Also why do you bring dan dennet here?.Do elucidate your dangerous idea
Matt_B wrote:I'd think that morality and abuse tend to go hand in hand because, for most of recorded history, morality hasn't been about being something egalitarian and permissive in the way most of those present would think of it, but about putting people in their place and being quite brutal to them if they step out of line.
So yes, honour killing is a moral act in that sense, and you can find plenty of similarly abhorrent ideas in the books of Leviticus and Deuteronomy which many will still claim with a straight face as being the ultimate moral guides.
OlivierK wrote:I hope you don't mind me saying this epepke, but you don't strike me as immoral at all, nor particularly amoral.
Ceding ownership of the word "moral" to people who make the rather questionable decision not to base their moral code on empathy doesn't seem particularly reasonable, nor wise.
The term “morality” can be used either
descriptively to refer to some codes of conduct put forward by a society or,
some other group, such as a religion, or
accepted by an individual for her own behavior or
normatively to refer to a code of conduct that, given specified conditions, would be put forward by all rational persons.
If you want to (rightly, imho) vent your own moral outrage on such people as you've done above, then just accept that doing so is just as steeped in moral reasoning as anything they come up with.
Oeditor wrote:Could be that the organisers, not he, decided what to call the talk.
Fallible wrote:Yeah, your comments would be beyond everyone else's understanding.

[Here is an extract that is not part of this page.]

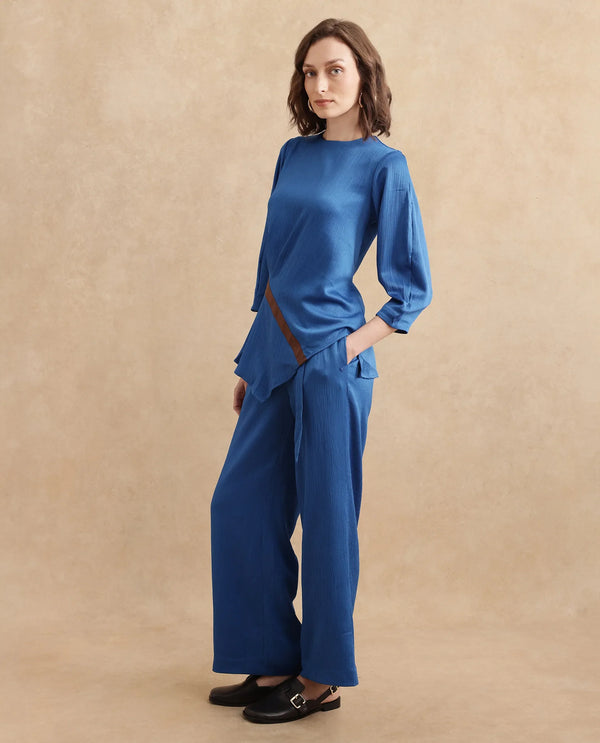 Rareism Women Yan Blue Volume Sleeve Round Neck Zipper Closure Regular Fit Plain Top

That'll be it. Best to just hint at your superior intellect, that will be much more productive.
epepke wrote:cavarka9 wrote:I understand the 1% and 99%. Do let me know about how it is quintessentially moral act?. Would be interested in your reasoning.

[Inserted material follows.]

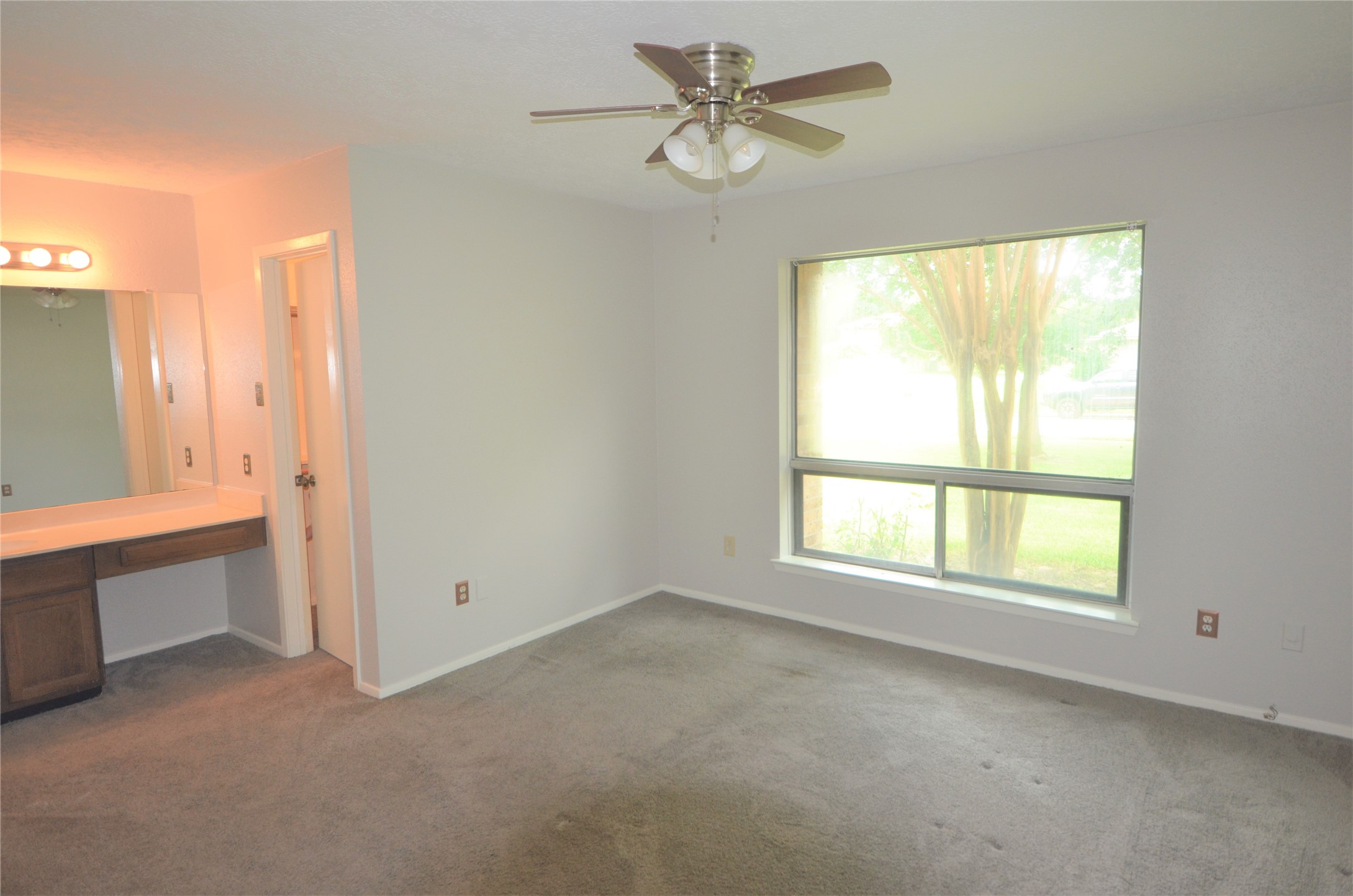 24006 Merry Oaks Drive Property Photo 15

Sure, but you already know it. When people talk about honor killing (sorry about the US spell checker), whether they are for it or against it, all of the language they use is moral language, and all of it involves moral reasoning.
Nobody ever says, "why did I kill my daughter for having been raped or falling in love with a Christian? Well, there was a study in Nature showing that if you kill your daughter, then there's a 75% chance that it will reduce global warming," or "it stimulates the economy," or "well, I was just bored, and there was no beer left in the fridge." And they certainly can't justify it in evolutionary terms. It's like Douglas Adams' chimpanzee at the dinner table. This never happens.
Instead, it's always an elaborate, contrived string of moral reasoning, starting from God and leading to a daughter riven in twain. It's completely a moral process, as pure as it gets.